• TASK BRIEF:
Return all of the following entries as written, but without the images.

• Records from a data collection:

────────────────────────────────────────

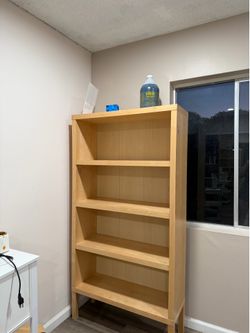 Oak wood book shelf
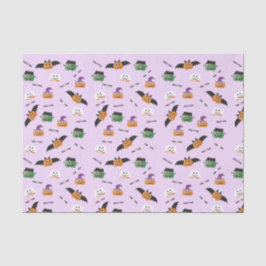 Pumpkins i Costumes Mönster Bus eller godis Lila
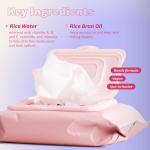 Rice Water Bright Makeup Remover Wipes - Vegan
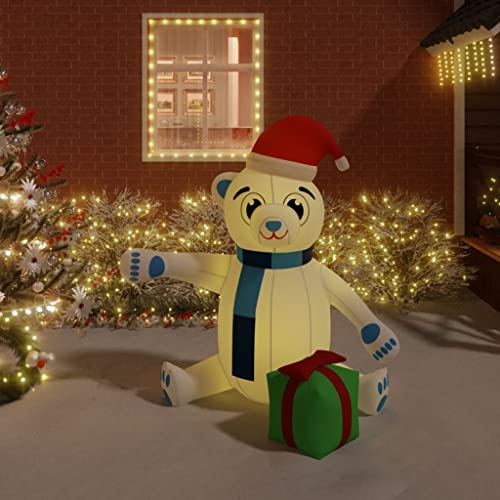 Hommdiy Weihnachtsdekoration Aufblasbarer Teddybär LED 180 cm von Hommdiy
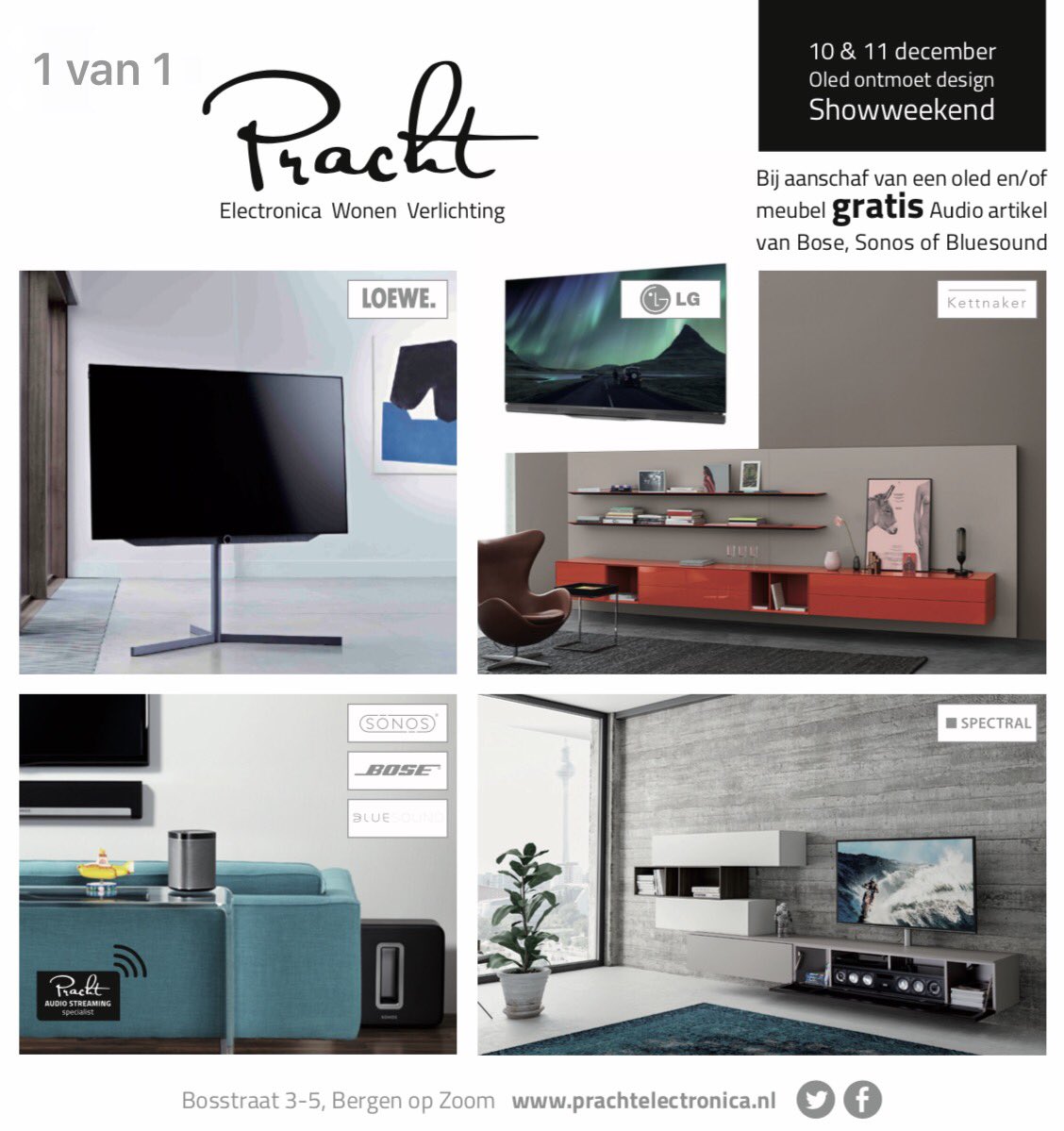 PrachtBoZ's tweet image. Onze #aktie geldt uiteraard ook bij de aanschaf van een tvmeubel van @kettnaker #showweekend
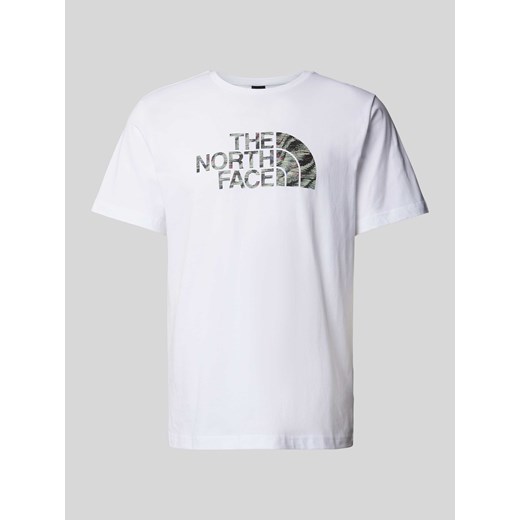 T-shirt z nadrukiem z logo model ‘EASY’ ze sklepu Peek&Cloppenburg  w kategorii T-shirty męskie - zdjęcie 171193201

────────────────────────────────────────

• RESPONSE BELOW:
 Oak wood book shelf
 Pumpkins i Costumes Mönster Bus eller godis Lila
 Rice Water Bright Makeup Remover Wipes - Vegan
 Hommdiy Weihnachtsdekoration Aufblasbarer Teddybär LED 180 cm von Hommdiy
 PrachtBoZ's tweet image. Onze #aktie geldt uiteraard ook bij de aanschaf van een tvmeubel van @kettnaker #showweekend
 T-shirt z nadrukiem z logo model ‘EASY’ ze sklepu Peek&Cloppenburg  w kategorii T-shirty męskie - zdjęcie 171193201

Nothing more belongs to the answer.